Чтоб я еще раз в гон с ним в одной комнате остался — да не за что! Я думал это моя братия на сексе помешана, и по природе своей мы не скованы комплексами и стыдом, нам больше по вкусу страсть и похоть, а с этим то что ни так?! Оборотень же! Вроде солидный парень, вожак… Я еще долго буду просыпаться от его «Ну еще разочек, я хочу…» Затрахал! В прямом смысле слова. И как член себе не стер?.. И в нижнюю же ни в какую, принципиальный попался.

Выползаю на крыльцо когда рассвет уже лижет землю, добавляя миру красок. Осторожно присаживаюсь на холодные деревянные ступени (готов поспорить от жопы пошел пар при соприкосновении со льдом), кутаюсь в Викову куртку, зарываясь носом в пушистый мех, надеюсь он его не из себя вычесал, щурясь подслеповато на солнце, выставляю перед собой ствол, плавно спуская предохранитель.

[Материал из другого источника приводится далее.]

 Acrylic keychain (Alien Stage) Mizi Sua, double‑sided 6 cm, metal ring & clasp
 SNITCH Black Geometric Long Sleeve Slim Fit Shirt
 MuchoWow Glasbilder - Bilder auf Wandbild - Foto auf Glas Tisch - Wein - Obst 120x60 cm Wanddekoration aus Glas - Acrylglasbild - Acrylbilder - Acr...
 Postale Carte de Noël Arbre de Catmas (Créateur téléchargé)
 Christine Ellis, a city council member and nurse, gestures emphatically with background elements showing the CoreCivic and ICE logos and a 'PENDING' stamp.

— Попробуете подойти, черти одинаковые, перестреляю всех до седьмого потомка, — предупреждаю вежливо, голос все еще подхрипывает, тело в ознобе, трясет от слабости, еще долго будут отходняки, сила возвращается неохотно, грубо набивая каналы словно песком, а не привычно жидкостью.

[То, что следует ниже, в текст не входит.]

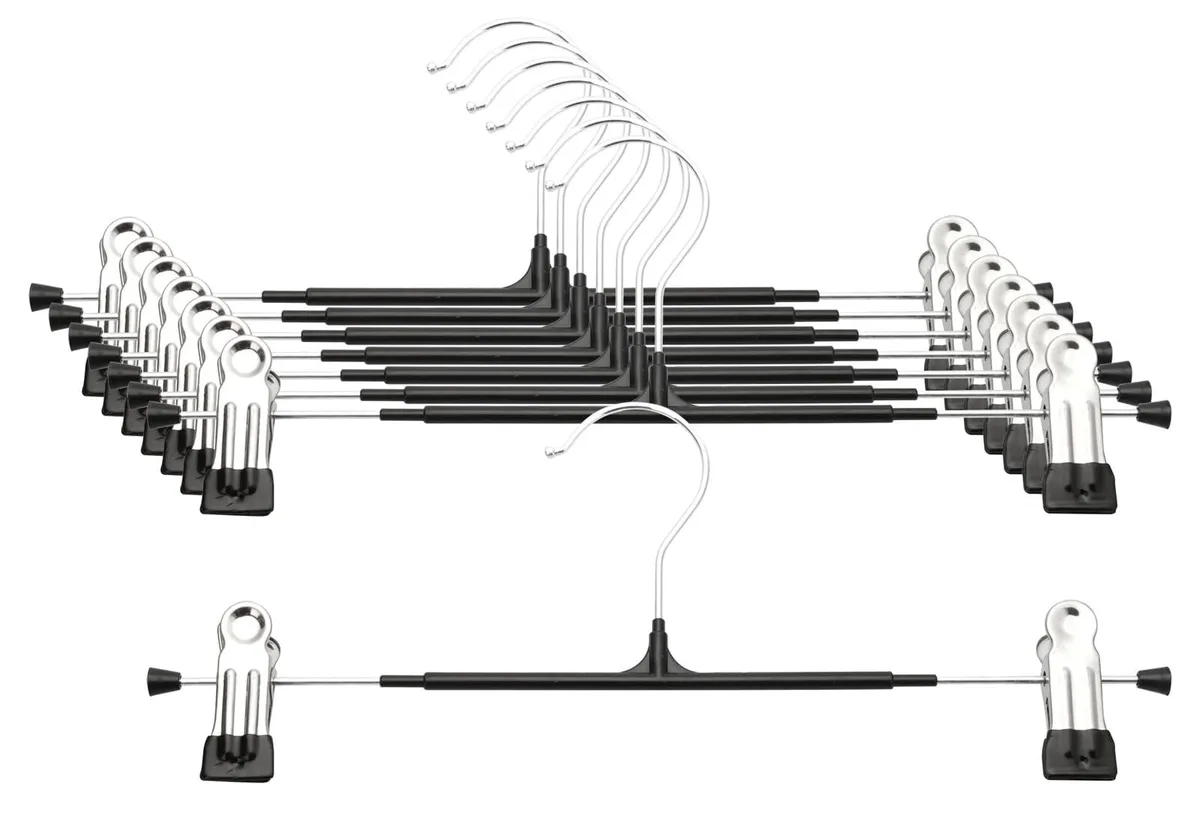 Eight black metal pants hangers with adjustable clips and rotating hooks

Два серых облака, присыпанных снегом таращатся на меня из-под сугроба, недовольно рычат и по прижатым ушам и печальным глазам-бусинам видно — зовут вожака. Боятся, что я мог его убить. А я мог. Каждую секунду могу, ведь этот неправильный оборотень забыл, к кому можно спиной поворачиваться, а к кому нет.

Вик выходит следом, в волчьей шкуре, с разбега, перепрыгнув мне через голову и задев капюшон, что тот наполз на глаза, плюхается в здоровенный сугроб, разгребая его лапами. Счастья полные… штанов нет.